– Ну, разумеется.
– Где же ты работаешь?
– Да где придется… Не бери в голову.
– Ты начал пить из-за Лолы?
– Ты, Миша, видимо, решил брать на себя все грехи мира?
– Я грешный человек, чего уж скрывать. Степан вдруг ощутил острую радость: он давно не общался с теми, с кем был достоин общаться. В последнее время вокруг него была всякая нечисть. Алкаши да дешевые девки, с ними не поговоришь. Некоторые из нынешних молодых и в школе-то никогда не учились, он, бывший преподаватель, даже устал удивляться. А ведь он был умный и образованный человек, когда-то он разговаривал так, что девочки-студентки летели к его огню, как бабочки.
– Боюсь, это сорт гордыни, – произнес Степан. – Ты, наверное, грешный человек, но ты виновен не во всем плохом, что произошло в мире. Так что не приписывай себе моего падения. Хотя ты косвенно к нему и причастен.
– Из-за Лолы?
– Ты все еще с ней живешь?
– От нее не отвяжешься… Ты не ответил на мой вопрос.
– Я любил Лолу. Она неплохая женщина. А может, плохая? Я так и не понял.
– А я понял: она плохая.
– Она простая. Плюс начисто лишена сострадания.
– Ты дал определение того, каким не должен быть человек.
– Человек должен быть сложным и добрым?
– Именно. Сложным и добрым.
– Может быть… А должен ли он быть смелым?
– Смелым? – удивился Королев.
– Помнишь, как у Булгакова: «Трусость – самый страшный порок».
– Никогда не любил эту книгу и ничего не находил в этих словах.
– А я в последнее время думаю, что меня сгубила моя трусость. Сидел, как зайчонок в своей норе – поганый трусливый зайчонок, вот и досиделся…
Слова лились, как вода из чайника. Михаил сначала удивленно смотрел на него, потом, видимо, увлекся, проходя вслед за Степаном этот путь…
Он начинался с их встречи у новых горбачевских «Жигулей» («Я был в белых носках?» – тихо ахнул Королев), он заворачивал к офису, отделанному пластиковыми панелями («Помню, помню. Какое чудное время! Все тогда получалось!»), вел дальше, к особняку («Там на меня было совершено первое покушение», – помрачнев, сказал Миша)… И вот уже Степан просится на работу, а после отказа проклинает себя последними словами, шепчет себе днем и ночью: «Трус! Трус! Трус!»
– Я все понял! – вдруг остановил его Королев. – Дело не в трусости, дело в зависти. Это она тебе сгубила жизнь.
– Зависть? – медленно повторил Степан. От медленного произнесения это слово показалось ему неприятно и неприлично свистящим.
– Ну да!
Они были так возбуждены и обрадованы встречей, что чай из старого чайника по-настоящему опьянил их.

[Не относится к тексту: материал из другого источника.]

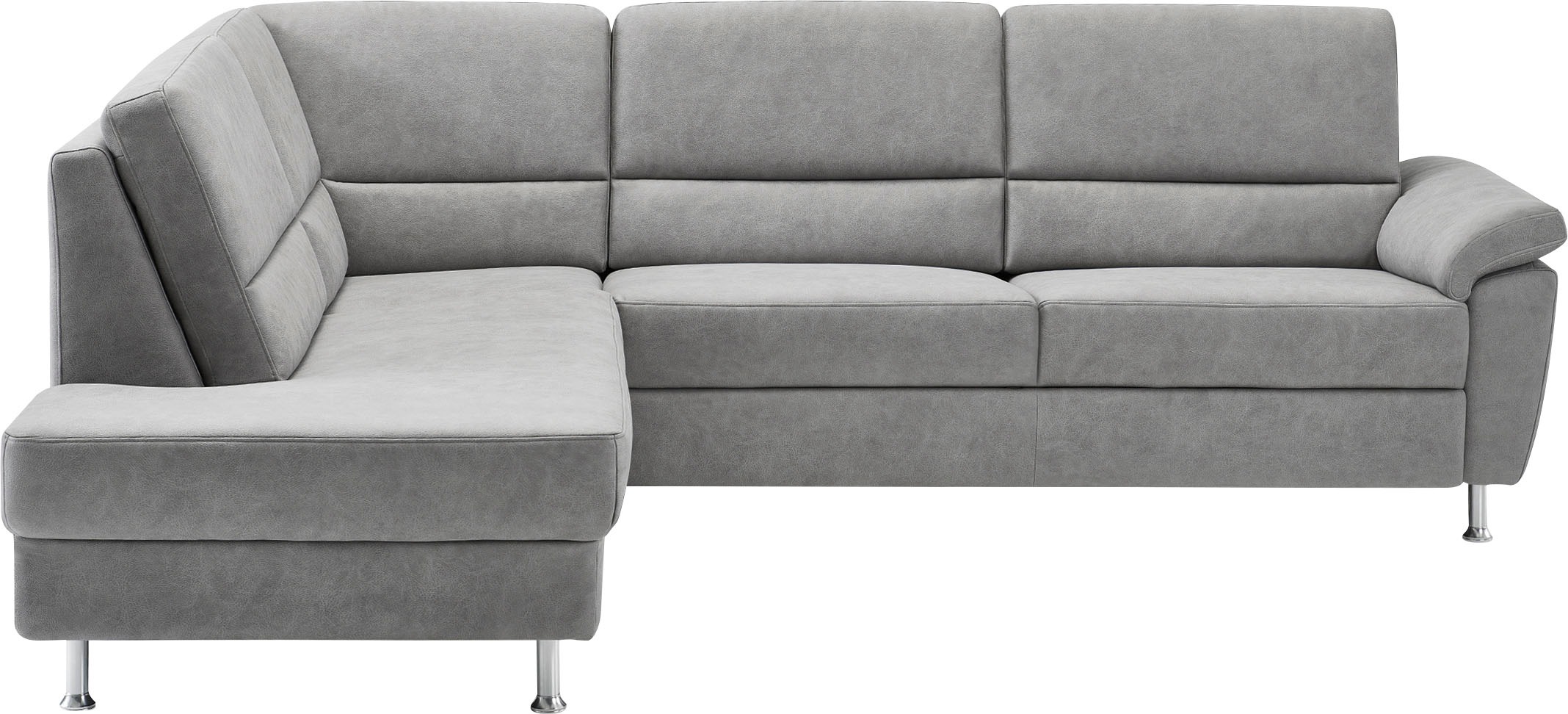 CALIZZA INTERIORS Ecksofa »Onyx L-Form«, Ottomane links oder rechts, wahlweise mit Bettfunktion, Breite 257 cm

– … У тебя был свой путь, замечательный, зачем ты все время сравнивал? Ты съел себя, брат.
– Может, ты и прав, – удивленно сказал Степан. – Завистливый я какой-то уродился. Но как определить, где отсутствие зависти, а где лень? Ну вот, скажем, сидит человек всю жизнь на одном диване, детей нет, жена сбежала, ему говорят: ну делай что-нибудь! А он отвечает: я не завистливый.
– Ну и пусть сидит. Что, он тебе мешает, что ли?
– Так это я сижу!
– А зачем ты сидишь на этом своем диване? У тебя был институт, была партия, какой диван-то? Жил бы да радовался. Ты не помнишь, нам однажды на лекции по философии одну притчу рассказали, я ее очень люблю и часто вспоминаю. Про раббе Мойшу.

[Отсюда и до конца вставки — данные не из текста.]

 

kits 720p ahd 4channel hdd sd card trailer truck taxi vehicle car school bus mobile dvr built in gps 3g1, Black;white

– Да, помню, это из Талмуда. Хорошая притча… Значит, зависть? Наверное, ты прав. Смотри-ка, ты умный!
Они помолчали, улыбаясь.
– И все-таки я не понимаю, – снова произнес Степан. – Как определить, где отсутствие зависти, а где лень?

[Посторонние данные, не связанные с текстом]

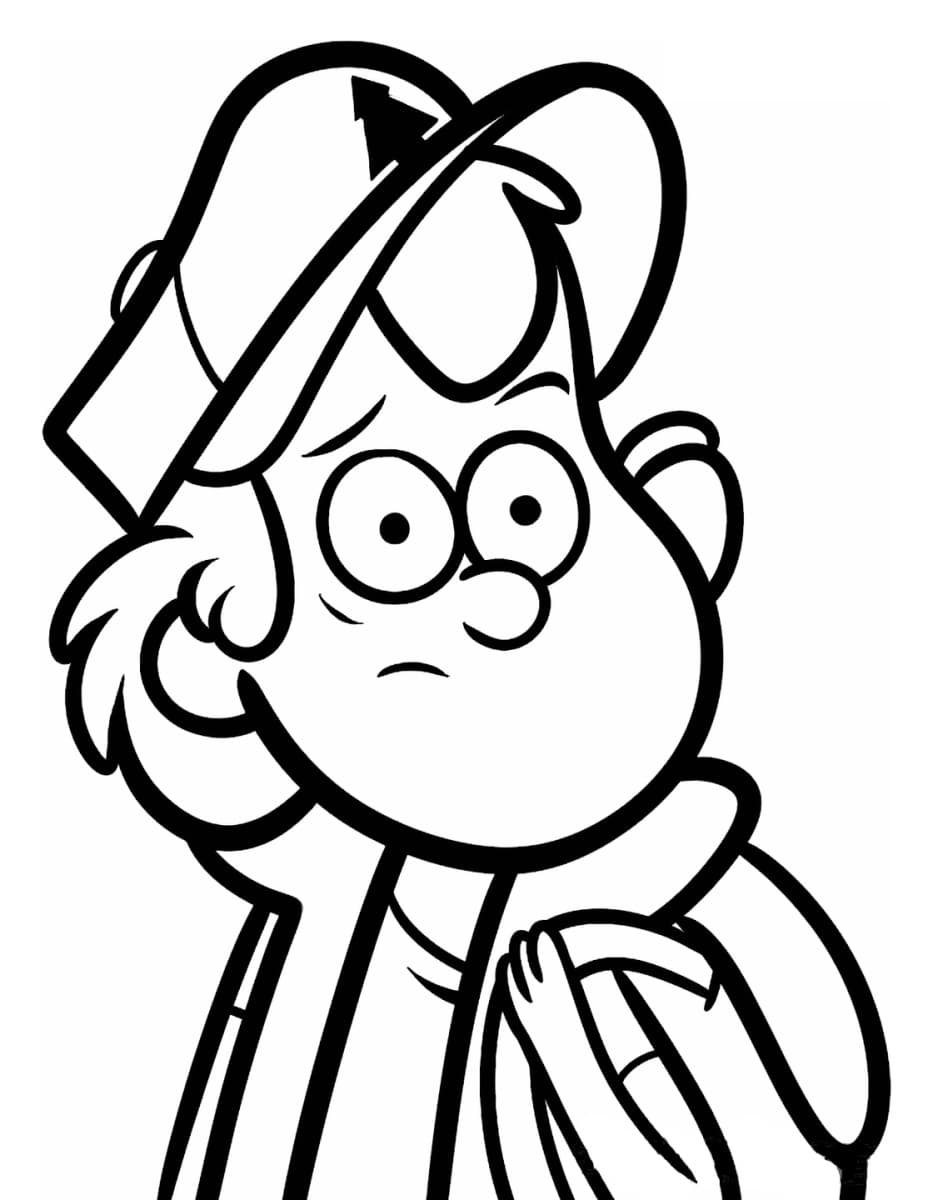 32 Mysterious Gravity Falls Coloring Pages Printable 4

– Говорят, надо понять, чего ты хочешь. Так, наверное. По-настоящему хочешь. Некоторые, вон, всю жизнь тужатся, стремятся к чему-то, скажем, бизнес строят, работают по двадцать часов в сутки, а потом на закате жизни понимают, что больше всего им хотелось сидеть на берегу реки и ловить рыбу.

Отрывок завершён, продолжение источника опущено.